→ WHAT YOU NEED TO DO
Search the data for the string "landscape" and gather each line it is in.

---- DATA TO PROCESS

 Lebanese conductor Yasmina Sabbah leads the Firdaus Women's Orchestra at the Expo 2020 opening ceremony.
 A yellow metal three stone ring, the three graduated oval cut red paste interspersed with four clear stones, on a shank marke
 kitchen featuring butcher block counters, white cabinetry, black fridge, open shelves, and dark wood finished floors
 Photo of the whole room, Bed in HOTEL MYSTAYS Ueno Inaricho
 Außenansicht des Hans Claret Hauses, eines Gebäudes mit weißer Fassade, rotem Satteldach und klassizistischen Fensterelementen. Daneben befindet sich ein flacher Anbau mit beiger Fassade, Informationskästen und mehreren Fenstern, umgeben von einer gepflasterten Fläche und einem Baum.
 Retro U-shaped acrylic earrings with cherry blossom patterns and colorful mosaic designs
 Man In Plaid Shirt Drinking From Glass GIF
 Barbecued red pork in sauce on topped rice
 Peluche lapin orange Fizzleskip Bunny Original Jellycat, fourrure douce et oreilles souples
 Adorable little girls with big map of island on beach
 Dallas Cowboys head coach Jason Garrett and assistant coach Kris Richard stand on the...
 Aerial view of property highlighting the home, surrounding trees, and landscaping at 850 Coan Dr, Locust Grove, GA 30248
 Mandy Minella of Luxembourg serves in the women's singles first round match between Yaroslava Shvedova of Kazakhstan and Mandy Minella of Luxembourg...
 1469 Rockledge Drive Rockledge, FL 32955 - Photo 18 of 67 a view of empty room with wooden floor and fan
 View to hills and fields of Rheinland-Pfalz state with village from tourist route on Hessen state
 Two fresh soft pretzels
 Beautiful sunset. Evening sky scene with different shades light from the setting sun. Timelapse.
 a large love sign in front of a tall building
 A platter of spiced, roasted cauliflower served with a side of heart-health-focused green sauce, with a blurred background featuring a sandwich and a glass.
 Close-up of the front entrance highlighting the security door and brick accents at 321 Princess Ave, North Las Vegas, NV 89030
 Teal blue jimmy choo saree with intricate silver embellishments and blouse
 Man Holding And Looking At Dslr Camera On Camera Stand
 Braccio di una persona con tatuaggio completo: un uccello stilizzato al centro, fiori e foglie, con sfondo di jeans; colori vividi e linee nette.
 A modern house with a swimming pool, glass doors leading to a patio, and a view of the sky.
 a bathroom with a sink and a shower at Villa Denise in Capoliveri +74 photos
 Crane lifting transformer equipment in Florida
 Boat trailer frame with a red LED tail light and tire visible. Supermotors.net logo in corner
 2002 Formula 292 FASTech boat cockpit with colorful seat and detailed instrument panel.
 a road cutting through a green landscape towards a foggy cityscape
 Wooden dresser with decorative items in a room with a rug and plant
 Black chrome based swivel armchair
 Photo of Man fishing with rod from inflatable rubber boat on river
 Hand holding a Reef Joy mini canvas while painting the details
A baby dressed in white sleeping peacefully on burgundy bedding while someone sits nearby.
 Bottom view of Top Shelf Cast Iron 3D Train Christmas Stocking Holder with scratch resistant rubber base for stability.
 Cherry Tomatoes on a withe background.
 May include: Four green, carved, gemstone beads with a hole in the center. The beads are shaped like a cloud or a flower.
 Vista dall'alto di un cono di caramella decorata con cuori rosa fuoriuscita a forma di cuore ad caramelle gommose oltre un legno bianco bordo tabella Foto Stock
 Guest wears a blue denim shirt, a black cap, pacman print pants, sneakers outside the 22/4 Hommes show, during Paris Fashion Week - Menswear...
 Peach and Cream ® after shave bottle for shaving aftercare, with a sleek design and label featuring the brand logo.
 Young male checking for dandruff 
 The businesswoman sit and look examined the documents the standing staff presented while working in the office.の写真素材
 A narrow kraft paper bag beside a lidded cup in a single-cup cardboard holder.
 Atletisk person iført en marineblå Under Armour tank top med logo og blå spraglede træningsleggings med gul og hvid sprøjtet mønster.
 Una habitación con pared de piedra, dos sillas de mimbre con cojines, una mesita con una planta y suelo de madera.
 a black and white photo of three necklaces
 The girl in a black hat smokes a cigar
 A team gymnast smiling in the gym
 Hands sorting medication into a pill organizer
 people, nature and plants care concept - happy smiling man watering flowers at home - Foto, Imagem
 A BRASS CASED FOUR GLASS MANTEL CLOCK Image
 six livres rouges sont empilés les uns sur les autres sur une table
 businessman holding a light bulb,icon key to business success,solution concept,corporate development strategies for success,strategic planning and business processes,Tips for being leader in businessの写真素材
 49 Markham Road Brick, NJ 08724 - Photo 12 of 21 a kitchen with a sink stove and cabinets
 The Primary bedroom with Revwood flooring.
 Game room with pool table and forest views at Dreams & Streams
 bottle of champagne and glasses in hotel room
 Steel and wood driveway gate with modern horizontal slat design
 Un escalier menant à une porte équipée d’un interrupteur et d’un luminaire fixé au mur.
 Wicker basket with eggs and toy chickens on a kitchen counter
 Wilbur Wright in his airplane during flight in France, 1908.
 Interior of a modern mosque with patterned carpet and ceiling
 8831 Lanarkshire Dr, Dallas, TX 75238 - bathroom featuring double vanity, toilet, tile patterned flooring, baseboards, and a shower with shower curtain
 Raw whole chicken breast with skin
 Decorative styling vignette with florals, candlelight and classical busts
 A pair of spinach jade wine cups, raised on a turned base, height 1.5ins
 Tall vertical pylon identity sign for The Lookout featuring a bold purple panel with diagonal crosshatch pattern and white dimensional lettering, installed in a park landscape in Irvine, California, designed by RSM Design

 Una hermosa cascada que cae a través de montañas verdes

--------

→ SOLUTION TO THIS EXERCISE
 a road cutting through a green landscape towards a foggy cityscape
 Tall vertical pylon identity sign for The Lookout featuring a bold purple panel with diagonal crosshatch pattern and white dimensional lettering, installed in a park landscape in Irvine, California, designed by RSM Design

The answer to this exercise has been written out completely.